In HISKP-LQCD/hadron: Analysis Framework for Monte Carlo Simulation Data in Physics

#' computes a disconnected correlation function from loops
#' 
#' The dimension of \code{cf$cf} and \code{cf$icf} must be \code{dim(Time, S, N)},
#' where \code{Time} is the time extent, \code{S} is the number of samples and
#' \code{N} the number of measurements (gauges). \code{cf2} is the same, but
#' needed only for cross-correlators.
#' 
#' If \code{subtract.vev=TRUE} the vev is estimated as the mean over all
#' gauges, samples and times available and subtracted from the original loop
#' data. (Same for \code{subtrac.vev2}.
#' 
#' The correlation is computed such as to avoid correlation between equal
#' samples, unless \code{nrSamples} is equal to 1.
#' 
#' \code{cf} and \code{cf2} must agree in \code{Time}, number of gauges and number
#' of samples. Matching of gauges is assumed. If this is not the case results
#' are wrong.
#' 
#' @param cf loop data as produced by \code{readcmidisc} or
#' \code{readbinarydisc}.
#' @param cf2 second set of loop data as produced by \code{readcmidisc} or
#' \code{readbinarydisc}. This is needed for cross-correlators
#' @param real use the real part \code{cf$cf}, if set to \code{TRUE}, otherwise
#' the imaginary part \code{cf$icf}.
#' @param real2 use the real part \code{cf2$cf}, if set to \code{TRUE},
#' otherwise the imaginary part \code{cf2$icf}.
#' @param subtract.vev subtract a vacuum expectation value. It will be
#' estimated as mean over all samples, gauges and times available.
#' @param subtract.vev2 subtract a vacuum expectation value for the second set
#' of loops. It will be estimated as mean over all samples, gauges and times
#' available.
#' @param subtract.equal subtract contributions of products computed on
#' identical samples. This will introduce a bias, if set to FALSE for missing
#' cf2 or if cf and cf2 are computed on the same set of random sources.
#' @param use.samples If set to an integer, only the specified number of
#' samples will be used for \code{cf}, instead of all samples.
#' @param use.samples2 Same like \code{use.samples}, but for \code{cf2}.
#' @param smeared use the loops instead of the local ones for \code{cf}.
#' @param smeared2 use the loops instead of the local ones for \code{cf2}.
#' @param type The correlation function can either be symmetric or
#' anti-symmetric in time.

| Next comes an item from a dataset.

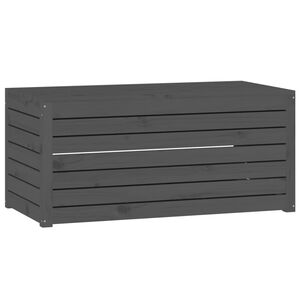 vidaXL sz&uuml;rke t&ouml;m&ouml;r fenyőfa kerti l&aacute;da 101 x 50,5 x 46,5 cm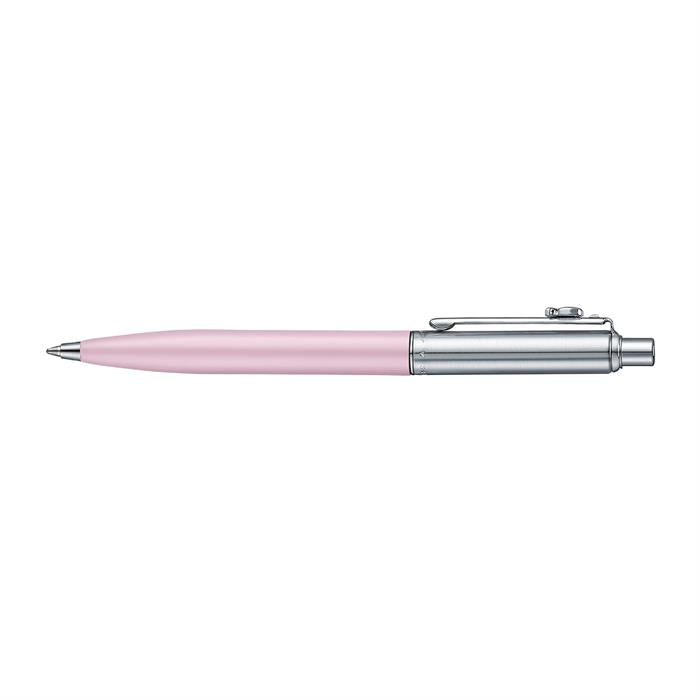 Sheaffer Sentinel Emily in Paris E321 Pink Matte Finish Ballpoint Pen with Chrome-Plated Trims and Bow-Shaped Clip Emblem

Anti-symmetric is of course only possible for
#' cross-correlators. In this case with \code{type="cosh"} it is assumed to be
#' symmetric, anti-symmetric otherwise.
#' @param verbose Print some debug output, like the VEVs of the loops.
#' @return Returns an object of type \code{cf} derived from a \code{list} with
#' elements \code{cf}, an array of dimension \code{dim(N, Time)}, where \code{N}
#' is the number of samples and \code{Time} the time extent, integers \code{Time}
#' for the time extent, \code{nrStypes} and \code{nrObs} for the available
#' smearing types and operators, and finally \code{nrSamples}, the number of
#' samples used to generate the correlation function \code{cf}.
#' @author Carsten Urbach, \email{curbach@@gmx.de}
#' @seealso \code{\link{readcmidisc}}, \code{\link{readbinarydisc}},
#' \code{\link{bootstrap.cf}}, \code{\link{add.cf}}, \code{\link{c.cf}}
#' @keywords correlator
#' @examples
#' 
#' data(loopdata)
#' Cpi0v4 <- computeDisc(cf=loopdata, real=TRUE, subtract.vev=TRUE)
#' Cpi0v4 <- bootstrap.cf(Cpi0v4, boot.R=99, boot.l=1, seed=14556)
#' 
#' @export computeDisc
computeDisc <- function(cf, cf2,
                        real=TRUE, real2 = TRUE,
                        smeared=FALSE, smeared2=FALSE,
                        subtract.vev=TRUE, subtract.vev2=TRUE,
                        subtract.equal = TRUE,
                        use.samples, use.samples2,
                        type="cosh", verbose=FALSE) {
  stopifnot(inherits(cf, 'cf_meta'))
  stopifnot(inherits(cf, 'cf_orig'))

  Time <- cf$Time
  ## extract the corresponding part of the correlation matrix
  tcf <- cf$cf
  if(smeared) {
    tcf <- cf$scf
  }
  if(!real) tcf <- cf$icf
  if(!real && smeared) tcf <- cf$sicf
  
  nrSamples <- cf$nrSamples
  nrSamples2 <- nrSamples
  if(!missing(use.samples) && !(use.samples > nrSamples) && (use.samples > 0) ) {
    nrSamples <- use.samples
  }
  sindex <- c(1:nrSamples)
  obs2 <- cf$obs
  conf.index <- cf$conf.index
  
  ## number of gauges
  N <- dim(tcf)[3]
  ## index array for t
  i <- c(1:Time)
  ## index array for t'
  i2 <- i
  ## space for the correlator
  Cf <- array(NA, dim=c(N, Time/2+1))

  vev <- 0.
  ## compute vev first
  ## mean over all gauges and times
  if(nrSamples == 1) vev <- mean(tcf)
  else vev <- mean(tcf[,sindex,])
  if(verbose) message("vev1 = ", vev, "\n")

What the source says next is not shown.